Riannodando le fila di un discorso interrottosi cinque anni con l’uscita di Digital Garbage, dopo il quale i Mudhoney sembravano essersi “dissolti”. Nessuna informazione, niente notizie per quella che è stata una delle band di riferimento del Grunge, tanto da indurmi a pensare che fosse arrivato il momento di guardare oltre essendo convinto di una sorta di scioglimento non annunciato. Invece, a sorpresa, i Mudhoney tornano con un disco, questo Plastic Eternity, registrato in pochi giorni ai Crackle & Pop! Studios di Seattle con la produzione di Johnny Sangster (gia alla regia di lavori oltre che dei Mudhoney anche Mark Lanegan, The Posies, The Supersuckers, solo per citare qualche nome).
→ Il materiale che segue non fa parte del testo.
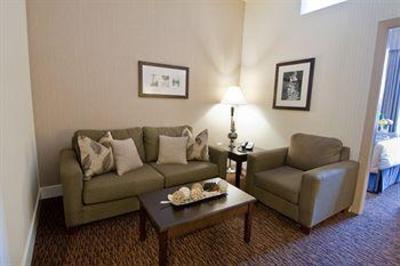 фото отеля Comfort Inn & Suites Surrey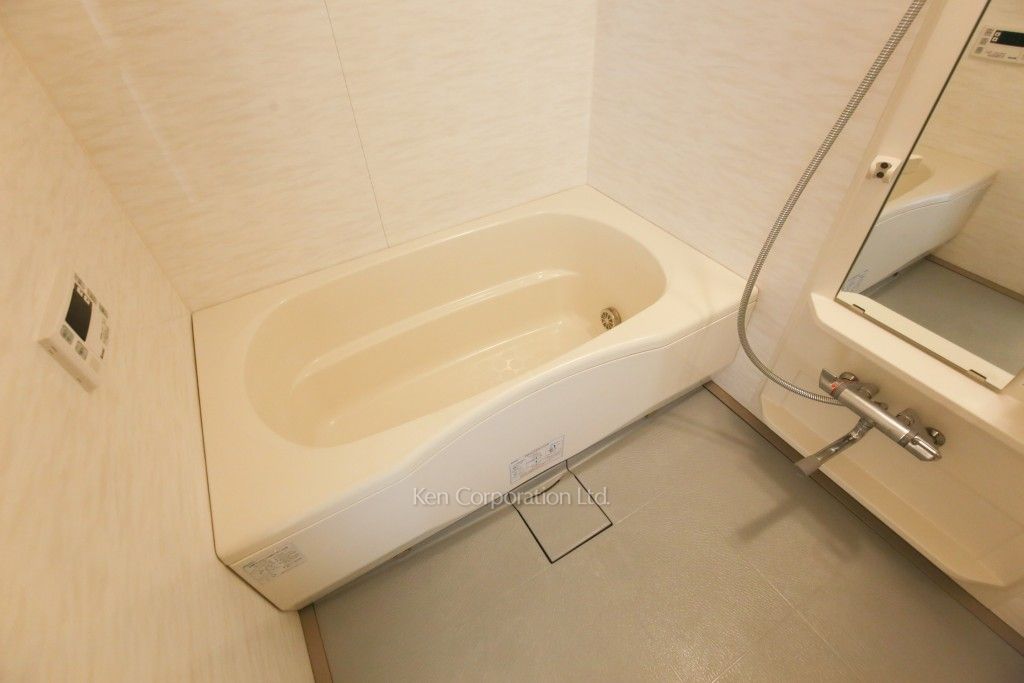 レジディアタワー麻布十番の写真 バスルーム ※6階の同じ間取タイプを撮影。仕様が異なることがあります。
Il disco, diciamolo subito, non offre particolari spunti che possano determinare grandi motivi di interesse. Il sound è abbastanza cristallizzato e figlio di un tempo che lascia scorie non indifferenti, tali da privare l’emergere di scatti in avanti che facciano destare l’attenzione. I testi mixano riferimenti ambientali e politici, ma il tutto sembra suonare piuttosto stanco, scontato, per quanto ben fatto. Ma non sembra essersi andati oltre ad un compitino messo in atto per assolvere a chi sa quali esigenze.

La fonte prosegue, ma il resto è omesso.